Interview Cheatsheet — Availability#
When does availability come up in an interview and what do you actually say?
Three moments — requirements, component proposals, and scaling discussion.
Moment 1 — Requirements Phase#
Before drawing anything, ask:
"What availability SLO are we targeting — 99.9% or 99.99%?"
Then use the answer to justify your architecture:
| SLO | What it implies |
|---|---|
| 99.9% | Single region, automated failover, 43 min downtime/month acceptable |
| 99.99% | Multi-AZ mandatory, zero-downtime deployments, 4 min downtime/month |
| 99.999% | Multi-region active-active, sub-second failover, 26 sec downtime/month |
This one question signals seniority immediately
Most candidates jump straight to designing. You're quantifying the availability requirement first. That's what senior engineers do.
Moment 2 — Every Component You Draw#
Every time you add a box to the diagram, the interviewer can ask "what happens if this goes down?"

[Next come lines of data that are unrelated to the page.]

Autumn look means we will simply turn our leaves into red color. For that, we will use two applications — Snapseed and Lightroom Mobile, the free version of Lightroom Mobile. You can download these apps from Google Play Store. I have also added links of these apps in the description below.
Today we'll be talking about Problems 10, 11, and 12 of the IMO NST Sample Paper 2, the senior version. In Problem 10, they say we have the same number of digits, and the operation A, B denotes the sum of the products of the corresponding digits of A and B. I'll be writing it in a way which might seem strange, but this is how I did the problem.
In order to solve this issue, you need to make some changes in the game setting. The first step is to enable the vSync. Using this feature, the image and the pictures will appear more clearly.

Always follow this pattern:
"This is a potential SPOF. To eliminate it I'd run [component] in [active-active / active-passive]. Health checks detect failure within seconds and traffic automatically reroutes."

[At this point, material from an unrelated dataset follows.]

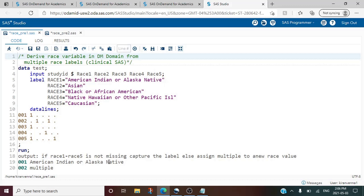Now I want to discuss one last point related to the data. Looking at the first two observations where study ID is 001 and 002 — for study ID 001, race1 has a value of 1 and the remaining are missing. This indicates that study ID 001 belongs to race1. In the case of study ID 002, it belongs to race2 and also race4 because it has a value of 1 in both. So whenever it has the value of 1, that is a non-missing value, it belongs to that particular race.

For stateless components (app servers, API servers): "I'd run three app servers in active-active behind the load balancer. Any server can handle any request — if one dies the other two absorb the traffic instantly with no failover delay."
For stateful components (databases): "I'd run the database in active-passive — primary handles all writes, replica is on hot standby. Automated failover promotes the replica within 30 seconds if the primary dies."
For the load balancer itself: "The load balancer is also a SPOF. I'd run two load balancers — if one dies, DNS or a floating IP switches traffic to the second one."
Moment 3 — Scaling Discussion#
When you add multiple servers for throughput, availability comes for free — but say it out loud:
"I'm adding three app servers behind a load balancer. This handles the throughput requirement AND eliminates the app server as a SPOF — three servers in parallel at 99.9% each gives us 99.9999% availability at that tier."
Two birds, one stone. Interviewers love when you connect decisions to multiple requirements.
The One Trap to Avoid#
Never say "we'll add redundancy" without specifying what type and how failover works.
❌ "We'll make the database redundant"
✅ "We'll run the database in Active-Passive — primary handles all writes, replica is on standby. Automated failover promotes the replica within 30 seconds if the primary dies. Until a new replica is provisioned, we're temporarily back to a SPOF — so we'd alert on this and provision a new replica automatically."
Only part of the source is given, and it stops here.